Adam Cohen
Research project
In his introductory overview to manuscript illumination between the years 1066 and 1190, C. M. Kauffmann succinctly stated: “Indeed, the pictorial diagram, in which the picture plane is divided into a series of carefully organized circles, squares and other geometric shapes, became one of the typical features of Romanesque art.” Although early medieval art contained books in which diagrams played a role, it is reasonable to say that the long twelfth century experienced what we might call a decided “diagrammatic turn” toward the visualization of abstract concepts through pictorial means. I propose to investigate several aspects of pictorial diagrams that have received little attention by probing the larger cultural and intellectual contexts in which this occurred. Specifically, I seek to link the twelfth-century development of diagrams and, more broadly, a diagrammatic way of thinking, to contemporaneous trends in exegesis that newly privileged a typological approach to scripture and a critical stance toward wisdom of all kinds. Scholars have associated these modes of thought with the Abbey of St. Victor, near Paris, and it cannot be overlooked that a central expression of this intellectual endeavor was Hugh of St. Victor’s ambitious diagram of the Arce Noe, which towers over twelfth-century hermeneutics whether it was ever produced or not. As a series of manuscripts from Regensburg (Bavaria) demonstrate, however, the diagrammatic turn was not only a feature of the northern French schools but also played a prominent role in more traditional monastic educational settings. Many of these manuscripts, which I will consider alongside several from Zwiefalten (Swabia), are devoted to such encyclopedic topics as computation and history—traditional subjects for the application of a diagrammatic mode of visualization—but it is intriguing that some are also typological treatises that use pictorial diagrams to make explicit the nexus of Christianity, knowledge, and the relationship between the Old and New Testaments. A growing literature demonstrates the close intellectual correspondence between the Victorine trends and concurrent changes in Jewish intellectualist-legal scholarship exemplified by Rashi and the Tosafist school in northern France and the Rhineland, whose manuscripts also sometimes contained diagrams. Regensburg, meanwhile, had an important Jewish community and was home to the Hasidei Ashkenaz, the nascent German Pietist school.
My project will investigate the degree to which the diagrammatic mode is evident in these Jewish intellectual contexts; consider how the development of pictorial diagrams might be related to changing interactions between Christians and Jews in the twelfth century; and compare the southern German and northern French material to discern similarities and differences in the use of such diagrams.
Biography
Adam Cohen is Associate Professor at the College of Arts and Science, Department of Art of The University of Toronto.
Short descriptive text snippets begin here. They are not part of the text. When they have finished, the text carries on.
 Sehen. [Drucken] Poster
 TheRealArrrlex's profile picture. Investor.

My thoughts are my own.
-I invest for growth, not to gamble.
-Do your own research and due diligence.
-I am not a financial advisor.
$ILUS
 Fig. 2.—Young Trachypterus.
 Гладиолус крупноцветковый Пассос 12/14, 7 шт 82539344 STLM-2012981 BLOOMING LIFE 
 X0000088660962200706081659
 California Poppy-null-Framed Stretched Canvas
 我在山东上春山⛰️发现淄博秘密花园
He holds a Ph.D in History of Art from The Johns Hopkins University.
His main research interests are Art History, History of the Book, Medieval Art, Early Medieval Art, Manuscripts, and Jewish Art.
Selected publications
‘Monastic Art and Architecture: 700–1050’, in A. Beach & I. Cochelin (eds), Cambridge History of Medieval Western Monasticism, Cambridge University Press, Cambridge, forthcoming.
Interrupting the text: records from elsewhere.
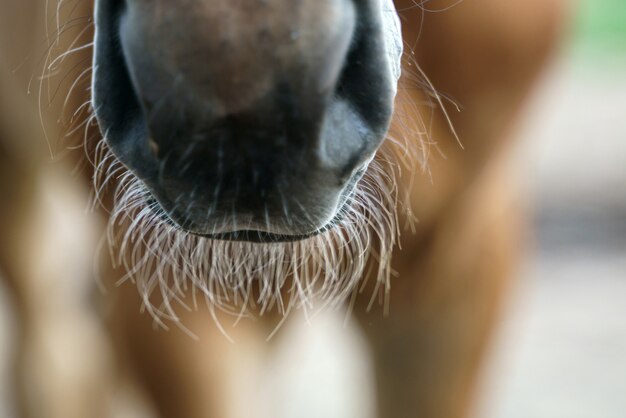 Close-up foto van de neus, neusgaten en mond van een veulen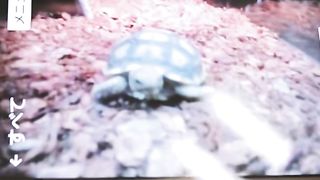 And grandpa raised for since childhood to the big turtle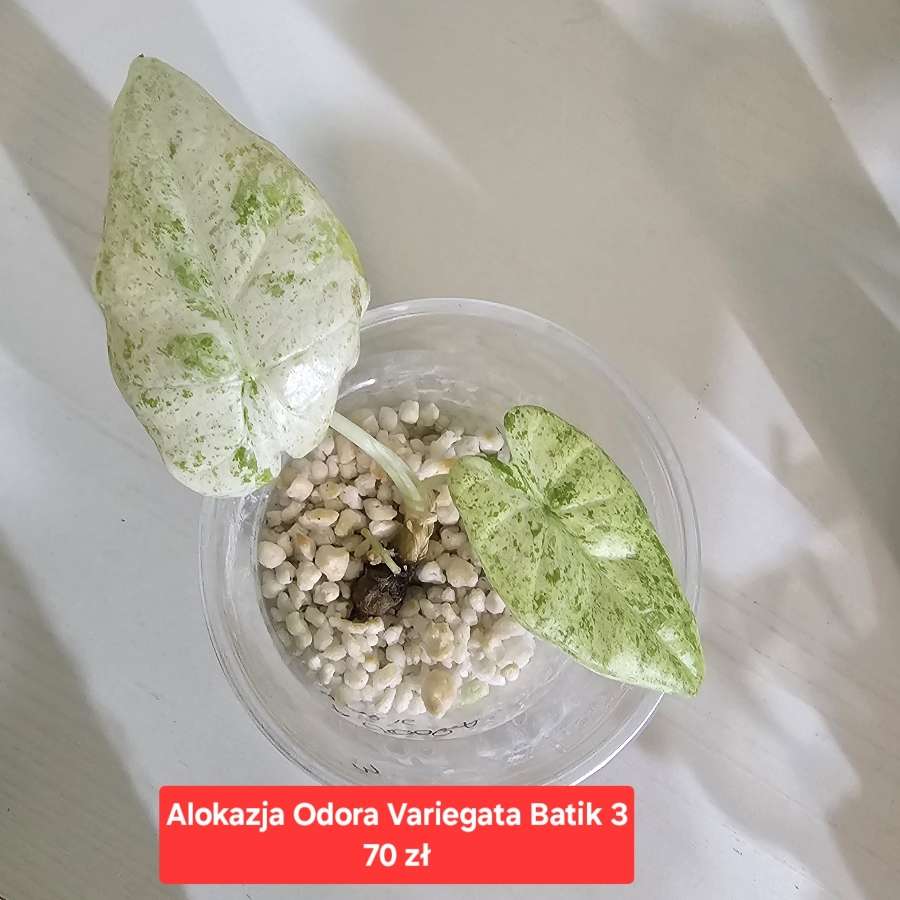 Alokazja Odora Variegata Batik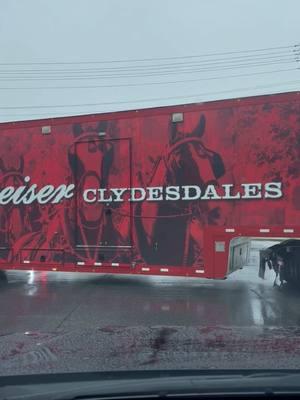 Here come the Clydesdales!  Excited to watch ECU battle NC State in the Military Bowl at the Navy Marine Corps Stadium! #clydesdale #ecu #ncstate #militarybowl #fyp #fypシ 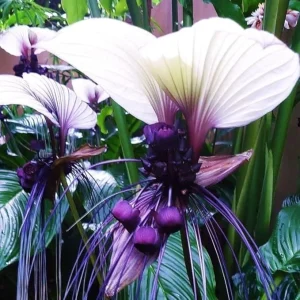 White Bat Flower Plant - Live Tacca Plant in 2 Inch Pot - Indoor/Outdoor - Image 7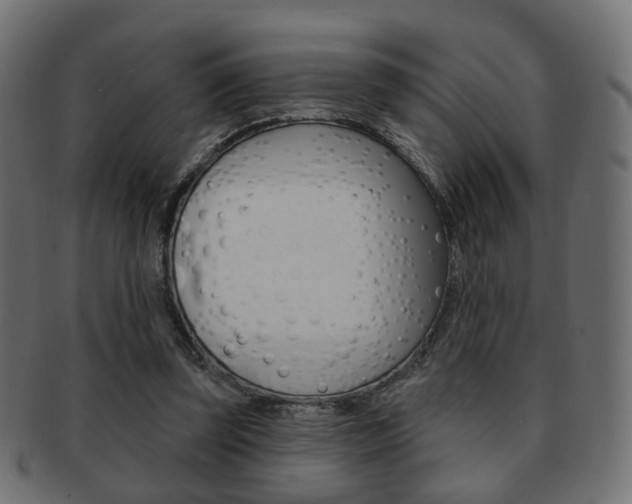 X0000091970347200709061136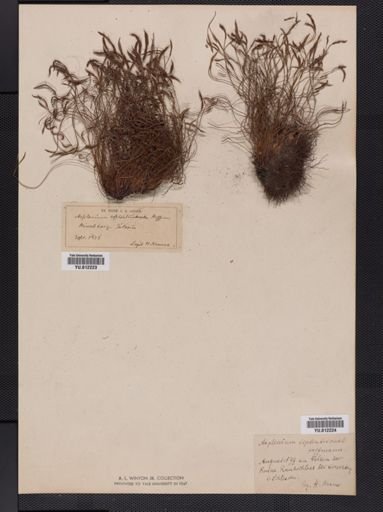 Asplenium
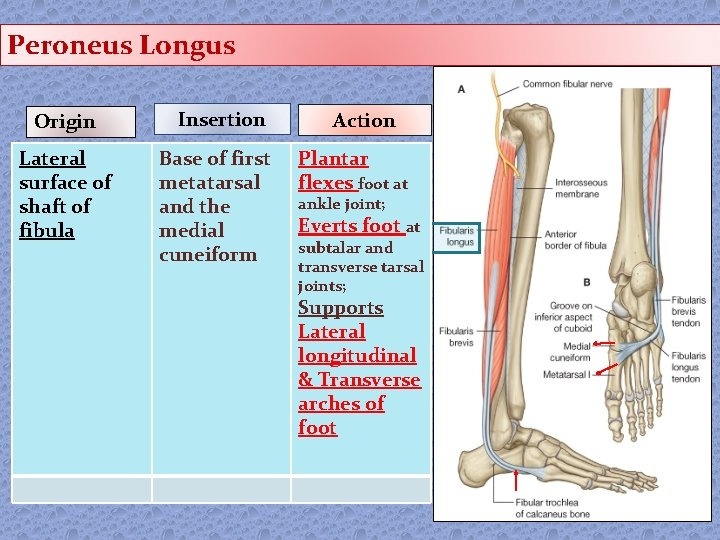 Peroneus Longus Origin Lateral surface of shaft of fibula Insertion Base of first metatarsal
'The Art of Regensburg Miscellanies', in L. Dolezalova & K. Rivers (eds), Manuscript Miscellanies: Composition, Authorship, Use, Medium aevum quotidianum, Sonderband 31, Krems, 2013, pp. 34-69.
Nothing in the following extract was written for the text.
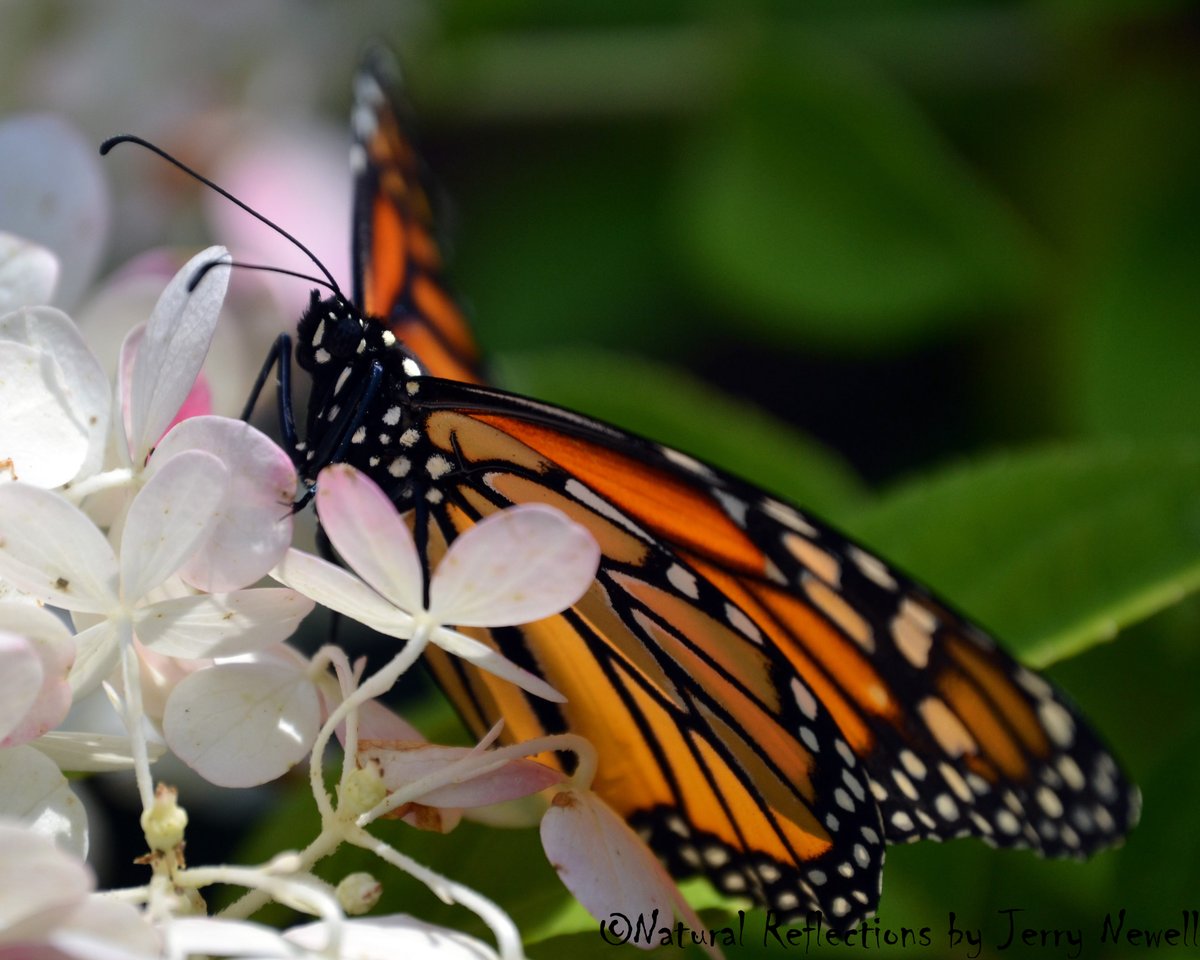 JerryNatReflect's tweet photo. Saw #Butterflies trending and said yeah I got a few of those!!!
Here is my favorite!
#naturalreflections #photography #photographer #photooftheday #nature #NaturePhotography #NatureBeauty #naturelovers https://t.co/PmBrNMMtrZ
Confronting the Borders of Medieval Art, with J. Caskey & L. Safran (eds), Brill, Leiden, 2011.
Eye and Mind: Essays in Anglo-Saxon and Early Medieval Art by Robert Deshman, The Medieval Institute, Richard Rawlinson Center, Kalamazoo, 2010.
'L’arte dell'alto medioevo in Europa', in R. Cassanelli & J. Sureda (eds), L'arte occidentale: Europa mediterraneo e mondo contemporaneo, Jaca, Milan, 2008, pp. 175–189.
‘The Historiography of Romanesque Manuscript Illumination’, in C. Rudolph (ed.), A Companion to Medieval Art: Romanesque and Gothic in Northern Europe, Blackwell, Oxford, 2006, pp. 357–81.
The Uta Codex: Art, Philosophy, and Reform in Eleventh-Century Germany, Penn State University Press, University Park, 2000.